● Dataset content:
== Segment start ==
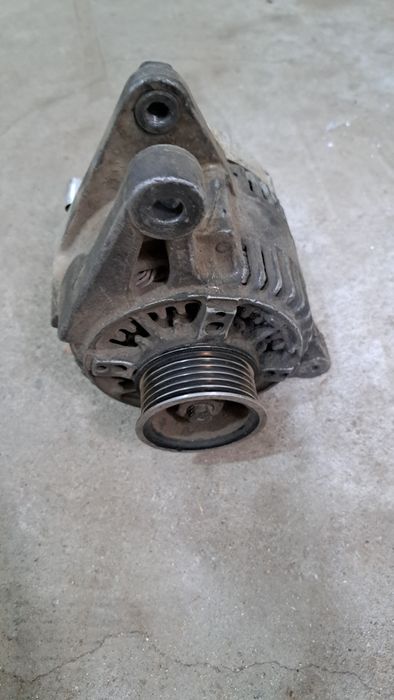 Генератор тойота авенсис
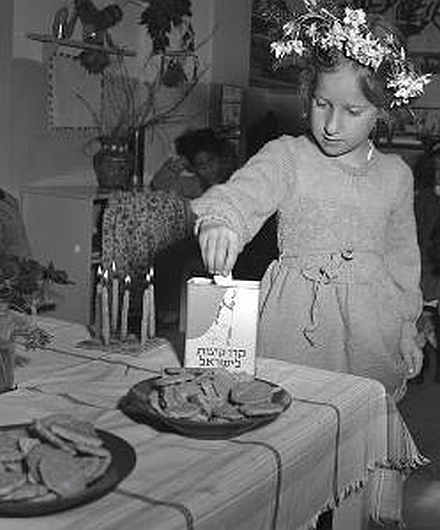 ילדה תורמת לקופסה הכחולה ביום הולדתה, 1954.
צילום: פריץ שלזינגר, ארכיון הצילומים של קקל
== Segment end ==
● Problem statement:
If a line holds a picture, skip the picture and transcribe the rest of the material exactly.

● Solution to the problem:
 Генератор тойота авенсис
 ילדה תורמת לקופסה הכחולה ביום הולדתה, 1954.
צילום: פריץ שלזינגר, ארכיון הצילומים של קקל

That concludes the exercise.